Special Yahrzeit Shiur in memory of
Rabbi Joseph B. Soloveitchik, of blessed memory.

by Rabbi Yitzchak Etshalom

In MT, Hilkhot Talmud Torah 4:1, we are presented with the rule of not teaching a student whose behavior is inappropriate – and of not learning from a teacher whose behavior is unseemly. Each of these rulings seems to contradict Talmudic law: 1) (Berakhot 28a) We are taught that when R. Gamliel was ousted from the position of head of the *Sanhedrin* (Great Assembly), his successor, R. Elazar b. Azariah, opened the doors of the *Beit Midrash* (House of Study) and “on that day they got rid of the door-guard and permission was given to the students to enter; since R. Gamliel used to say that any student whose inside (motivation, character) is not like his outside (the way he presents himself) may not enter the Beit Midrash. On that day, more benches were brought in…some say 400 benches were added, others say 700 benches were added. R. Gamliel became depressed, saying ‘have I kept [words of] Torah from Israel?’ In a dream, he was shown white barrels, filled with ash – but that was not accurate, they only showed him that to restore his spirits” (i.e. – the dream indicated that all of these new students amounted to nothing; the truth was that they were competent students) Here, it is clear that R. Gamliel’s position of moral scrutiny as a “tes t” before entering the Beit Midrash was rejected, both by the population and by heaven. Why does R seem to accept his position?

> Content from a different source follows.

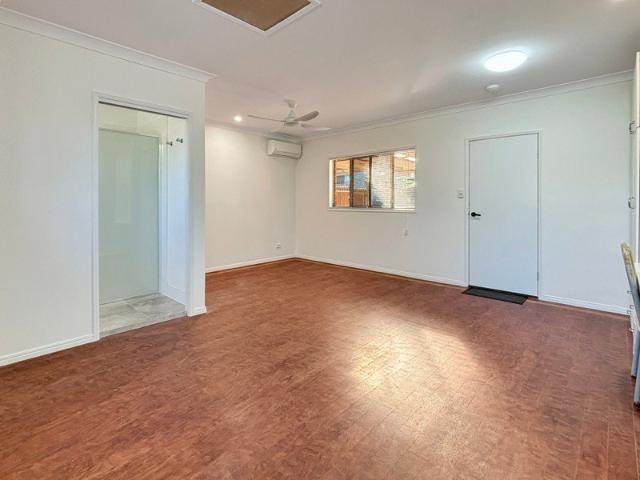 Modern Studio Style Unit with Pool Access â Bribie Pines Estate, Ningi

2) (Hagiga 15b) R. Meir is recorded as having learned from Acher, the great teacher who had become an apostate. “How did R. Meir study Torah from the mouth of Acher? Didn’t Rabbah b.b. Chana say in the name of R. Yohanan: ‘What is the meaning of the verse: *For the Kohen’s lips should keep knowledge and they will seek Torah from him, for he is a messenger of the Lord of Hosts*? – if the teacher resembles a messenger of the Lord of hosts, seek Torah from his mouth, and if not, do not seek Torah from his mouth’ R. Lakish said: R. Meir found a verse and explained: *Incline your ear and hear the words of the wise, and let your heart lean towards My knowledge* – “their knowledge” is not stated, rather “My knowledge”. (In other words, the verse encourages us to study God’s word from the wise – not their words – such that we may distinguish between the tradition they pass on and their own behavior/input). Why does R reject R. Meir’s justification?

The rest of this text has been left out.